De retour aux Tobago Cays, nous avons de la chance, le vent nous permet de faire une très bonne session de kite. Comparé à Février mars, il n’y a presque personne. Nous n’avons d’ailleurs vu aucun boys boat. Lorsque le vent s’est calmé, nous en avons profité pour plonger sur le tombant. Nous n’avions vu que les tortuesà notre premier passage. Le spectacle est magnifique, c’est la première fois que nous plongeons sur un tombant. Nous en avons presque une sensation de vertige, difficilement retranscrite par la vidéo:
Nous mettons ensuite les voiles vers l’île d’Union. En sortant des Tobago Cays, nous nous rappelons l’inquiétude que nous avions eu lors de notre entrée par la passe en mars dernier. Nous la regardons derrière nous, en nous disant: « maintenant nous sommes devenus plus aguerris, finalement cette passe est énorme et ne présente aucun danger, et surtout aucune difficulté! » C’est certain nous avons plus d’assurance! Pas que nous soyons moins vigilants, mais en tout cas, moins stressés!
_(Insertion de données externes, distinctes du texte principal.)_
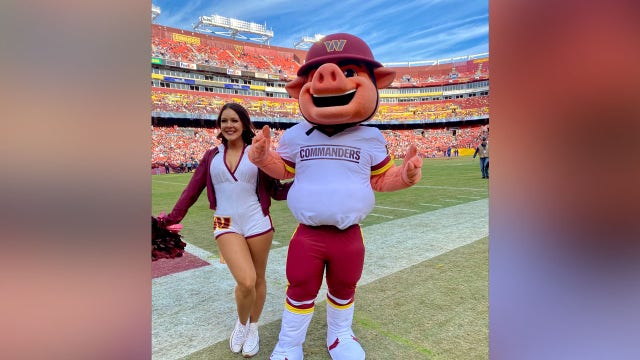 Washington Commanders announce new hog mascot, Major Tuddy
Dès notre arrivée à Union, un boysboat se précipite pour nous offrir une bouée. Nous lui répondons que nous avons déjà mouillé ici, et que nous nous passerons de ses services… Nous savons que le mouillage dans le port est un peu compliqué à cause de la grande barrière située près de Palm Island. Mais comme nous l’avons déjà évoqué, nous nous sentons bien plus confiants aujourd’hui. Cependant, nous négligeons un léger petit détails….
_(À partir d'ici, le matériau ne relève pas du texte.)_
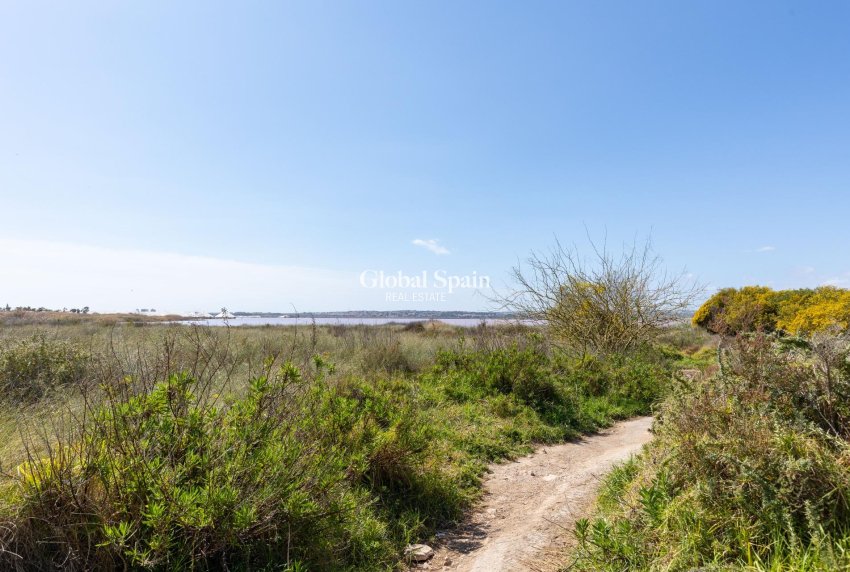 Resale - APARTMENT -
TORREVIEJA - Torretas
J’allais charger notre précédente trace GPS, qui indiquait le chemin à suivre pour n’avoir aucun soucis… Mais finalement, je ne le fais pas et décide de me fier à l’arrière des bateaux. Focalisé sur la barrière de corail qui délimite l’espace de mouillage, je commence à faufiler le Black Pearl au cul des autres bateaux…. Nous avançons prudemment, comme à notre habitude. Le profondimètre annonce alors 10m. Mais, soudain, les fonds remontent rapidement: 8! 7! 6! puis 5! en moins de deux secondes nous voilà à 3m. Les fonds sont remontés anormalement! Oulala! Qu’est ce qu’il se passe? J’ai à peine le temps de dire à Coraline qui est au niveau de la GV que ce n’est pas normal, que nous sentons un choc!!! On a touché!!!! Le profondimètre annonce moins de 1.5m, or notre tirant d’eau fait 1.6m. (Le tirant d’eau, c’est notre hauteur entre la ligne de flottaison et le bas de la quille, soit plus clairement la profondeur maximale au delà de laquelle le bateau ne peut pas s’aventurer).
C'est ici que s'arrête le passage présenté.